We landed in Leknes, where one of the 3 airports of the Lofoten is located. It was the smallest airport that I’ve ever landed at. After jumping out of the airplane, we walked through a door, and immediately reached the luggage claim belt within a couple of meters. Right next to the luggage claim where two single booths of the rental car companies. After spending exactly 4 minutes at the desk, we got a descent upgrade for our car: a hybrid VW Golf, with automatic transmission, and spiked wheels.

Prior our trip we booked a lovely wooden cabin in Sakrisøy, also known as “Rorbu” houses. Rorbuer are traditional fisher houses made out of wood and usually painted in red or yellow. It was one of the cheapest “chalets” we could find on booking.com, but it turned out to be exactly what were looking for. The check-in was flawless. The main entrance of the cabin was facing a big snow-covered mountain, right next to the water. A very basic kitchen station allowed us to prepare our dinners and breakfasts. Nearby the Sakrisoy houses was a “Coop” supermarket, and with 50 euro/us$, we could prepare our food for the upcoming 3 days. Expect to pay at least 60 euro/us$ while having dinner at a restaurant. Norway ain’t cheap!

It was the first time I ever stayed in a wooden cabin. I loved brewing my fresh coffee every morning with my portable “Kalita Filter”. The living area and the wooden beds on the upper level of the house were very cosy. The wooden cabin was definitely an important part of our Lofoten experience, as we weren’t spoiled with the best weater. We spent 5 days / 4 nights on the Island. During our stay we only had two days of sunshine. The weather was changing constantly, it was mostly snowstorms, rain and fog. As it was my first trip where I would use my DJI MAVIC AIR drone, the weather didn’t allow us to fly it up, as the winds were way too strong.

It’s really hard to kill the time on the Lofoten during bad weather, as there’s isn’t much to do. Because of the icy roads it takes quite a while to visit other cities. Driving from Reine to Svolvaer would easily take 3 hours.
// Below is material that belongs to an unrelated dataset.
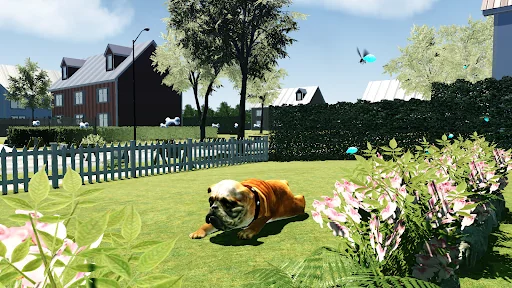 Bull Dog Simulator 3D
The center of Leknes hasn’t much too offer, except for a couple of coffee houses and an unattractive shopping mall.

There’s one main road that leads across the Island, the E10. There aren’t barely any shortcuts, you won’t get lost on the Lofoten without a GPS, but you will use the same road over and over again to drive around.

During our 4 days, we visited Reine, Leknes, Henningvaer and Svolvaer and we made it to the Unstad arctic surf beach. There are plenty of tiny villages that you will pass by within a couple of minutes. Different fishermen restaurants are spread out all over the Island. Besides having cake & coffee, taking lots and lots and lots of photographs, there’s not much to do in the Lofoten.
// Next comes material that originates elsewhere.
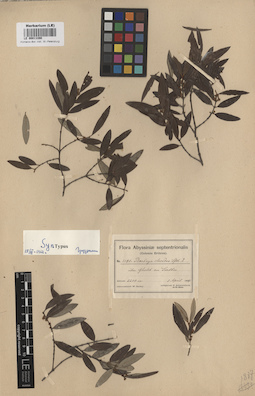 LE 00011390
The views are breathtaking! The landscape and mountains scenery is very unique, and you won’t be disappointed. Sadly we got also unlucky with the northern lights. We were using the iphone apps “Aurora Alerts” and “Aurora” to get informed about the optimal conditions of the northern lights. Every night around 22:00h (10pm) the green lights were right above our roof. Unluckily because of the clouded sky, we weren’t able to see them. One night we took our car and started driving around for an hour or two. No luck! Even later in Tromso, one of the best locations in Norway to witness the northern beauties in the sky, we were unlucky again.

TROMSO.

Tromso was the last destination on our norway trip. Initially we had planned to make it the most popular city in northern norway to visit e reindeer farm. You can several tours or reindeer sleeding, husky sledding, feeding the reindeers followed by a traditional sami dinner. All of that could have been, if it wasn’t for the rain & fog.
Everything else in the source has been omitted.